→ **Goal of the exercise**
From the listing below, output the lines between the one with "Eglo Rocamar Taklampa" and the one with "Lyna - Orthopedic Leather Sneakers", including those two, and nothing else. Pictures are not copied.

→ **Data to use**
=== Section Start ===
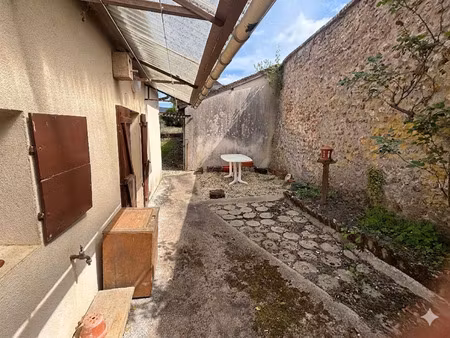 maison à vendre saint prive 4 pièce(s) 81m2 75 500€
=== Section End ===
=== Section Start ===
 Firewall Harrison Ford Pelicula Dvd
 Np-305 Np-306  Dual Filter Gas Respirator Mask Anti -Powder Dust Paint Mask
=== Section End ===
=== Section Start ===
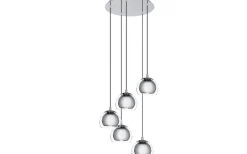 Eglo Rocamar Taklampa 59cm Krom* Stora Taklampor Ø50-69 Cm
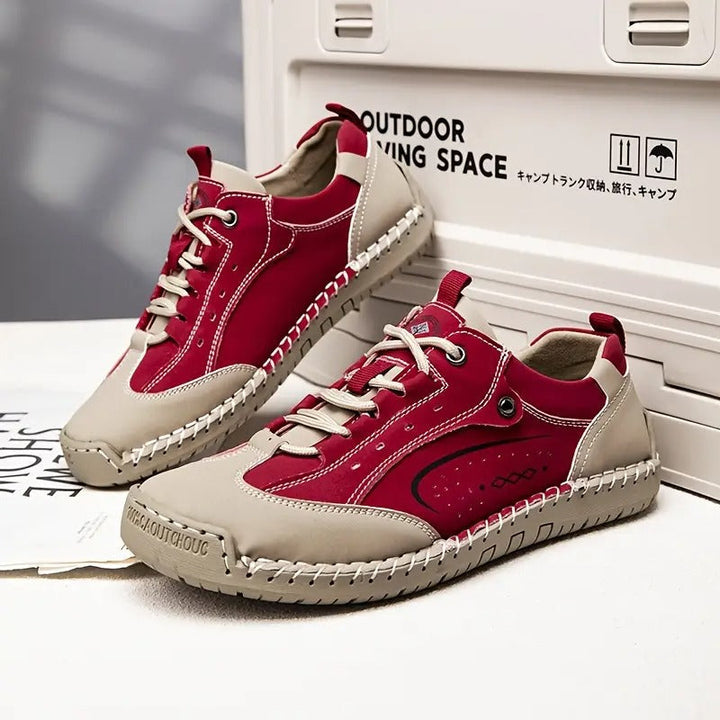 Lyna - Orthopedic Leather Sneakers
=== Section End ===
→ **Solution for this exercise**
 Eglo Rocamar Taklampa 59cm Krom* Stora Taklampor Ø50-69 Cm
 Lyna - Orthopedic Leather Sneakers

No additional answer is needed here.